• _Exercise instructions_: An exact copy of every entry is required, minus the pictures.

(Captioned web images)
........
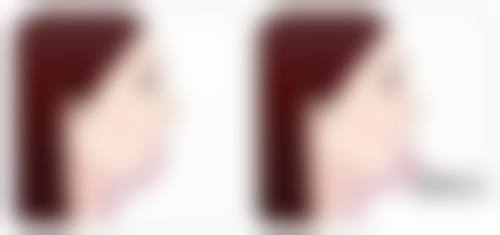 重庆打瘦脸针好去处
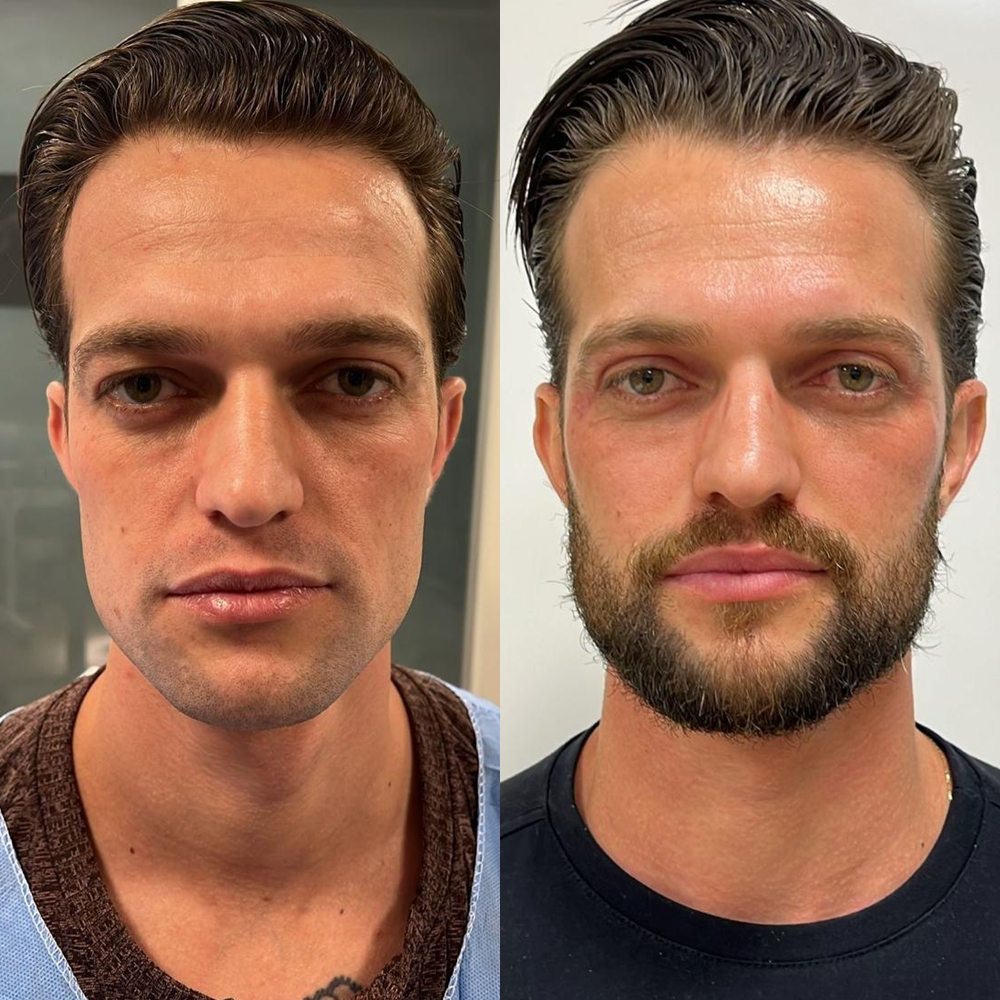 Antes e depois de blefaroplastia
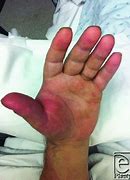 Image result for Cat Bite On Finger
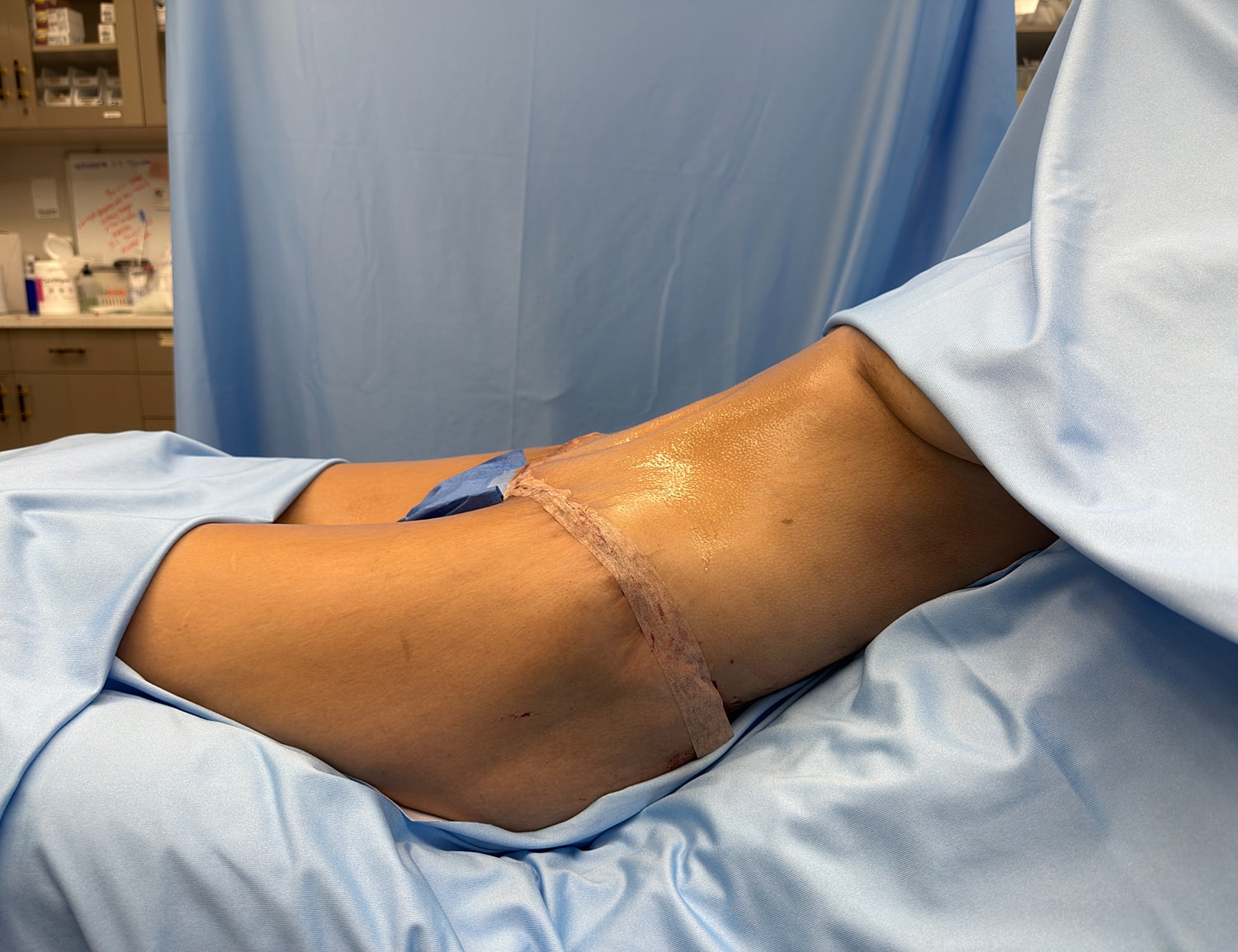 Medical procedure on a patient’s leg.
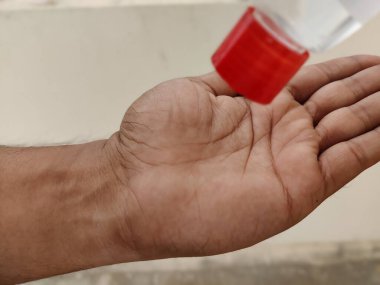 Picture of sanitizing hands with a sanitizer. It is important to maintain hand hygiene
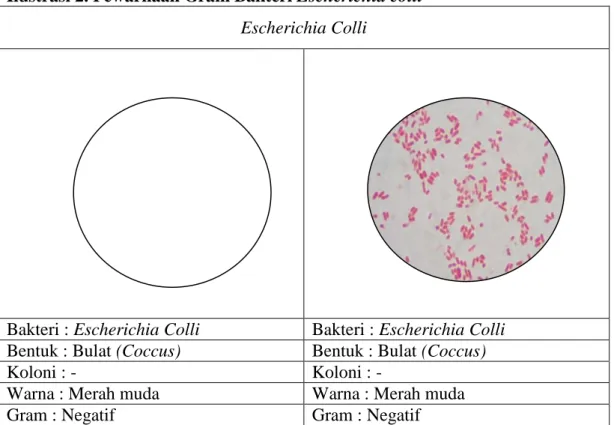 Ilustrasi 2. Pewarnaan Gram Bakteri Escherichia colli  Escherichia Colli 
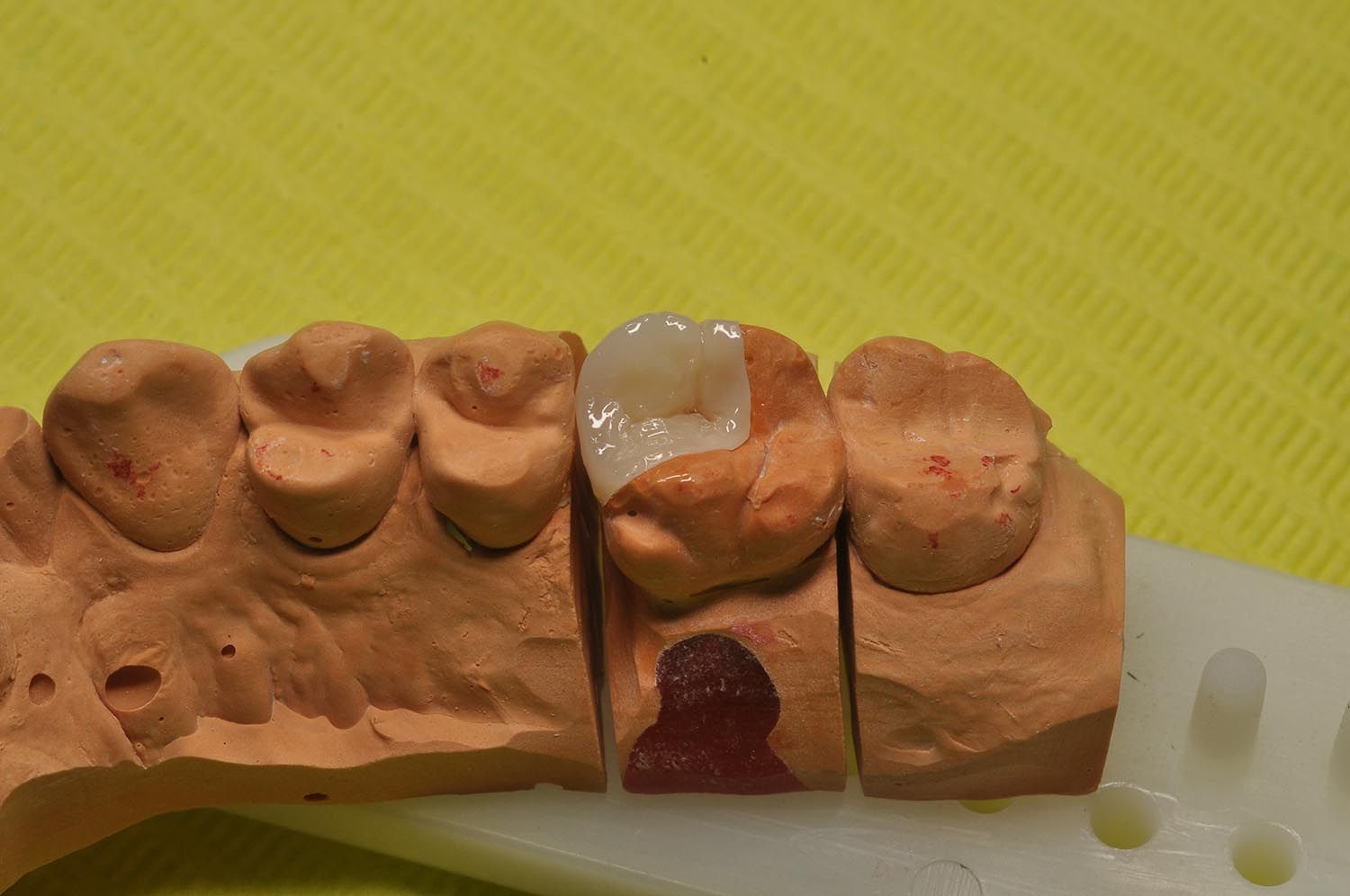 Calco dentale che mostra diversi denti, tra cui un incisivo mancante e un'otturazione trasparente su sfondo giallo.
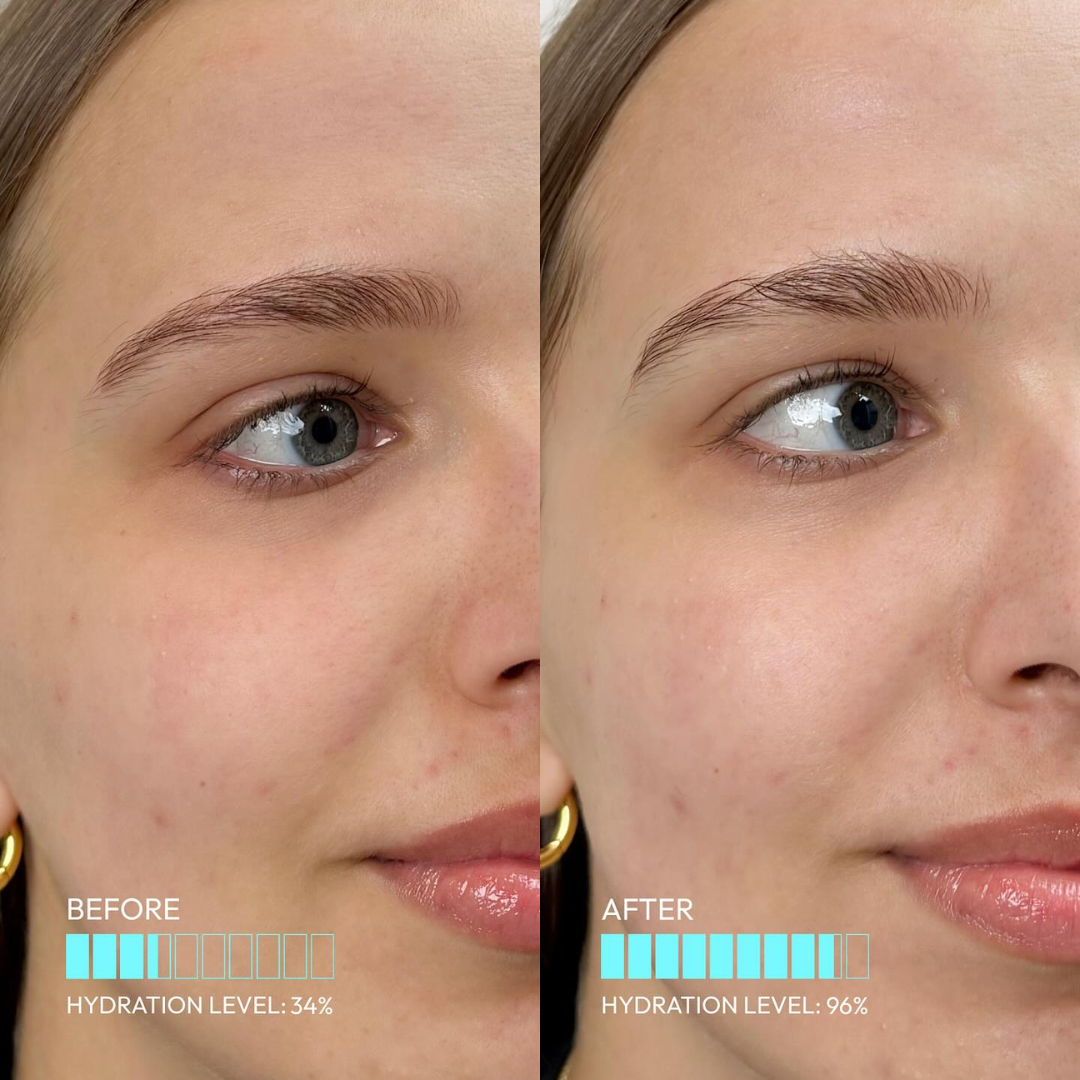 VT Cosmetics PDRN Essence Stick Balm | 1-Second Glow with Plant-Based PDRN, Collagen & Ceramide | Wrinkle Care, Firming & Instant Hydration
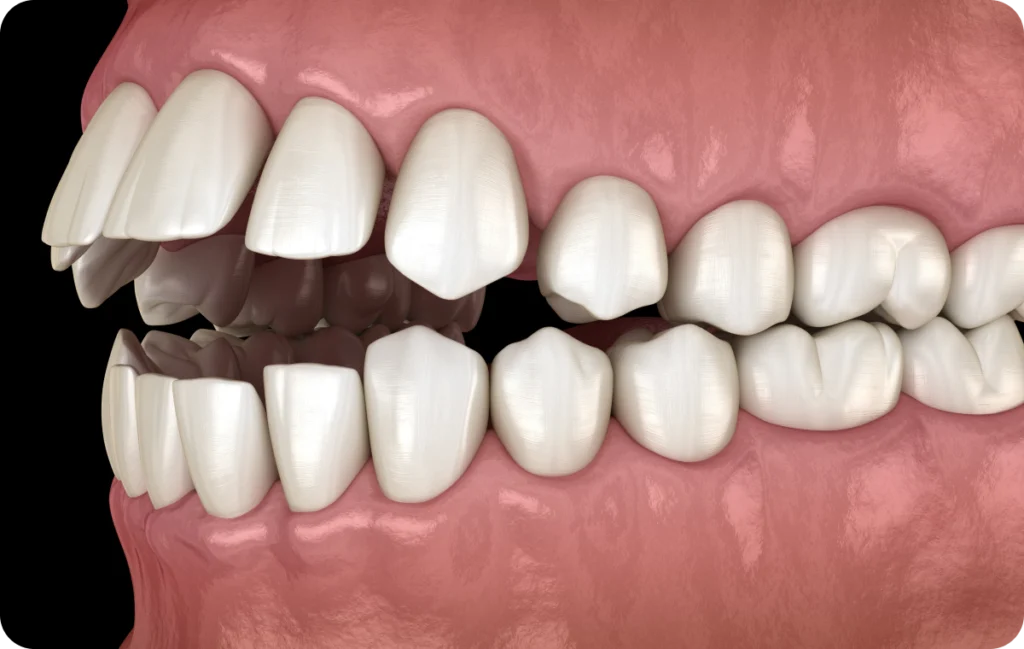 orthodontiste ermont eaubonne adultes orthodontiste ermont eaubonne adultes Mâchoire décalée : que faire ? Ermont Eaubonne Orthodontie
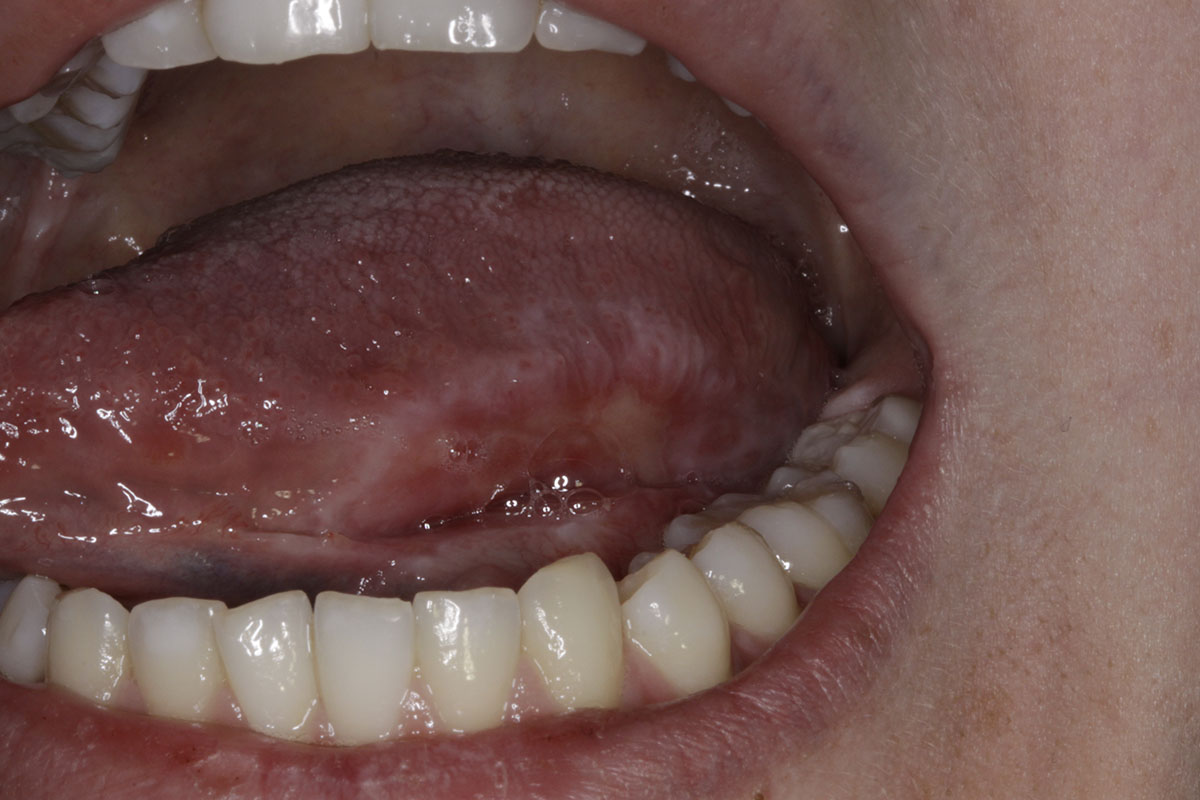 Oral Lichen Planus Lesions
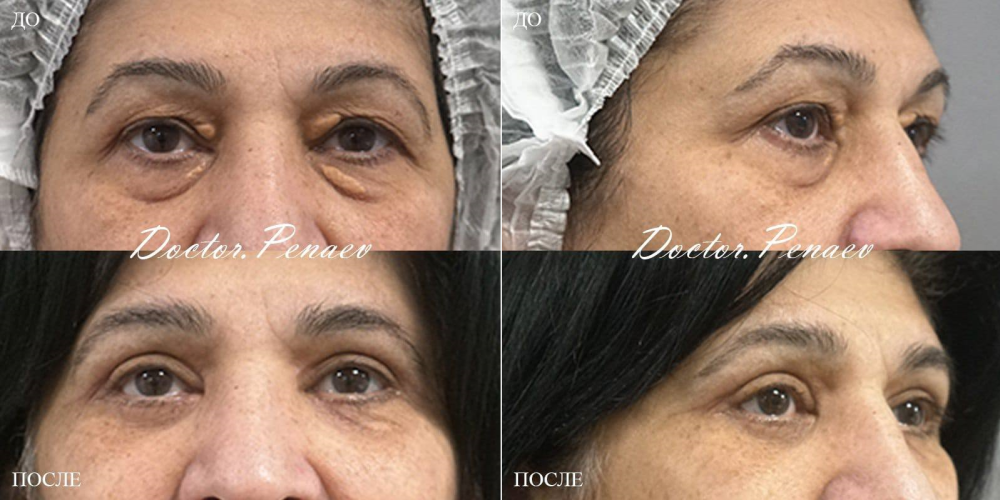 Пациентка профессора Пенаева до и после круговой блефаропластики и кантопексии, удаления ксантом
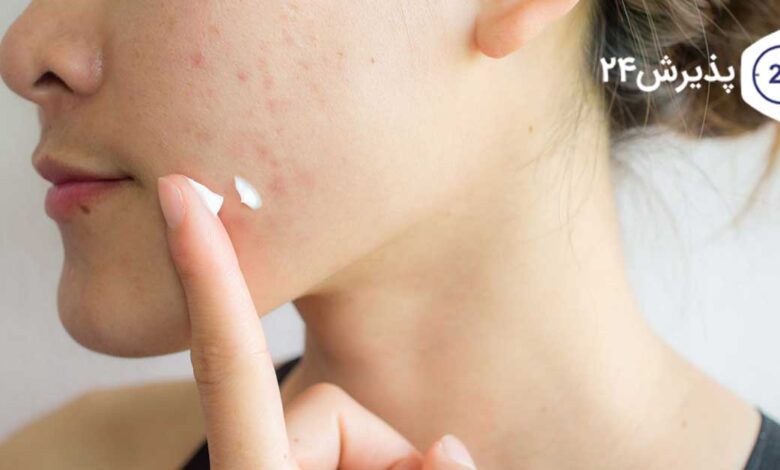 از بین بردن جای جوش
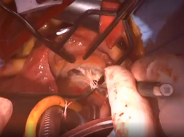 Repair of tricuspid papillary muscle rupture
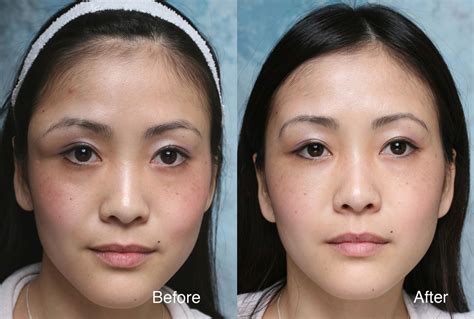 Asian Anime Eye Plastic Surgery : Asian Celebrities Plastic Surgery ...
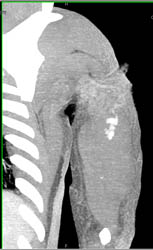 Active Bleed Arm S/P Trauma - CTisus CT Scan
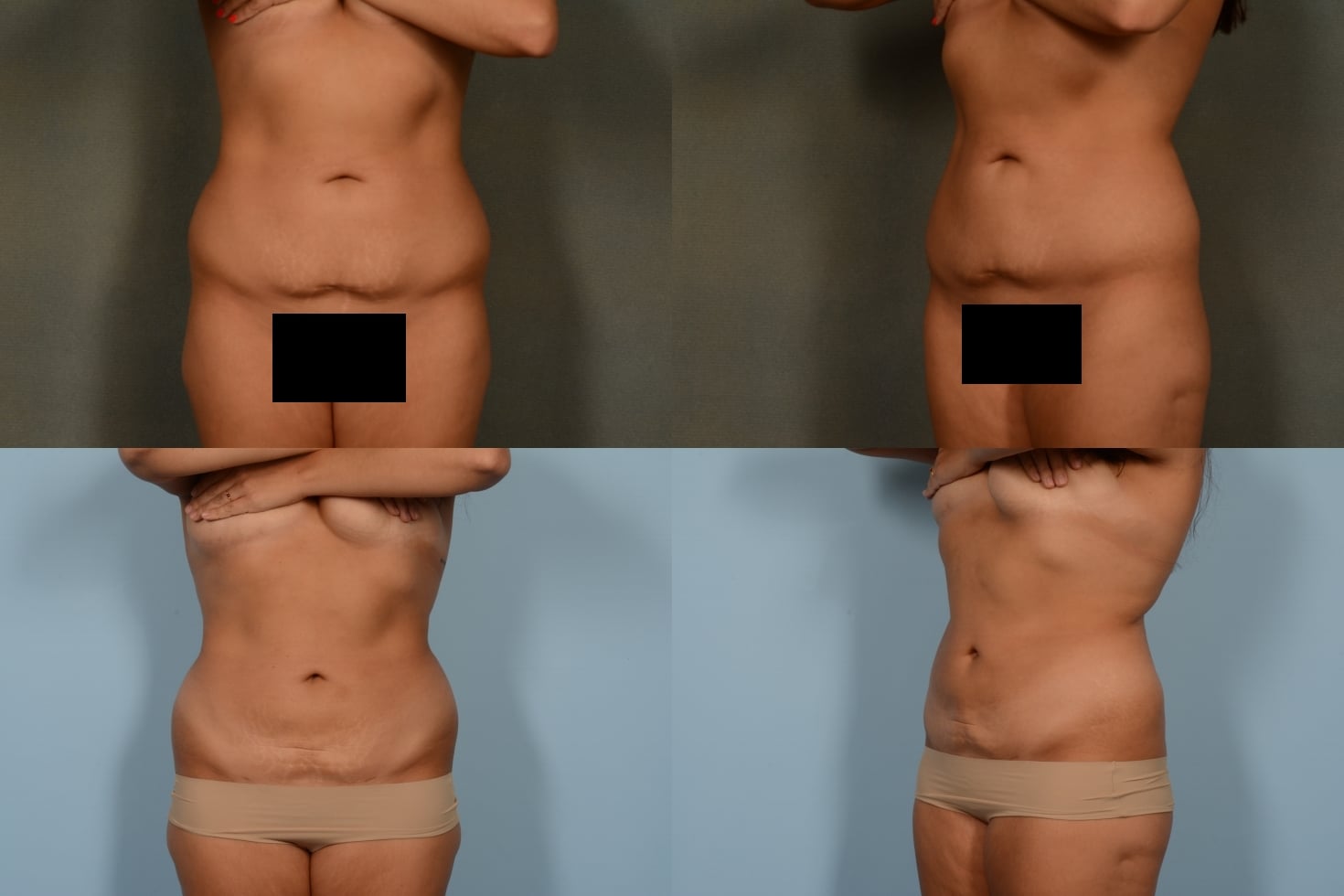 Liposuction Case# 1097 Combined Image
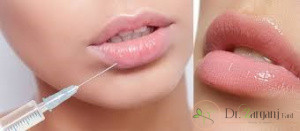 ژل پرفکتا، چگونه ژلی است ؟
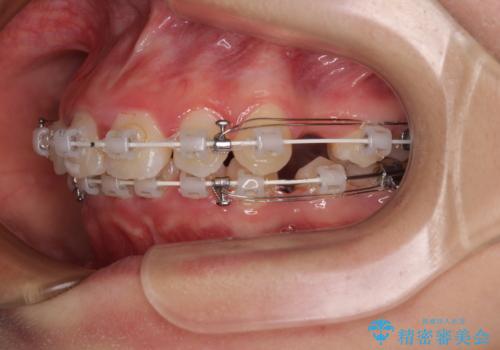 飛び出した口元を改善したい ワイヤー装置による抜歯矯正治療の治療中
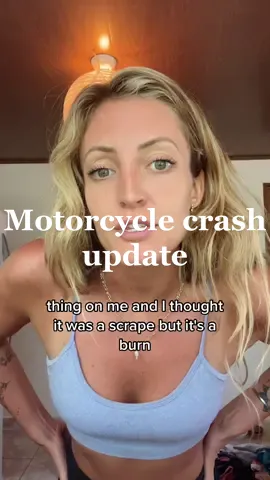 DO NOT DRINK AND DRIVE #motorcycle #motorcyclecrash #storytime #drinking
........
• _Answer to this exercise_:
 重庆打瘦脸针好去处
 Antes e depois de blefaroplastia
 Image result for Cat Bite On Finger
 Medical procedure on a patient’s leg.
 Picture of sanitizing hands with a sanitizer. It is important to maintain hand hygiene
 Ilustrasi 2. Pewarnaan Gram Bakteri Escherichia colli  Escherichia Colli 
 Calco dentale che mostra diversi denti, tra cui un incisivo mancante e un'otturazione trasparente su sfondo giallo.
 VT Cosmetics PDRN Essence Stick Balm | 1-Second Glow with Plant-Based PDRN, Collagen & Ceramide | Wrinkle Care, Firming & Instant Hydration
 orthodontiste ermont eaubonne adultes orthodontiste ermont eaubonne adultes Mâchoire décalée : que faire ? Ermont Eaubonne Orthodontie
 Oral Lichen Planus Lesions
 Пациентка профессора Пенаева до и после круговой блефаропластики и кантопексии, удаления ксантом
 از بین بردن جای جوش
 Repair of tricuspid papillary muscle rupture
 Asian Anime Eye Plastic Surgery : Asian Celebrities Plastic Surgery ...
 Active Bleed Arm S/P Trauma - CTisus CT Scan
 Liposuction Case# 1097 Combined Image
 ژل پرفکتا، چگونه ژلی است ؟
 飛び出した口元を改善したい ワイヤー装置による抜歯矯正治療の治療中
 DO NOT DRINK AND DRIVE #motorcycle #motorcyclecrash #storytime #drinking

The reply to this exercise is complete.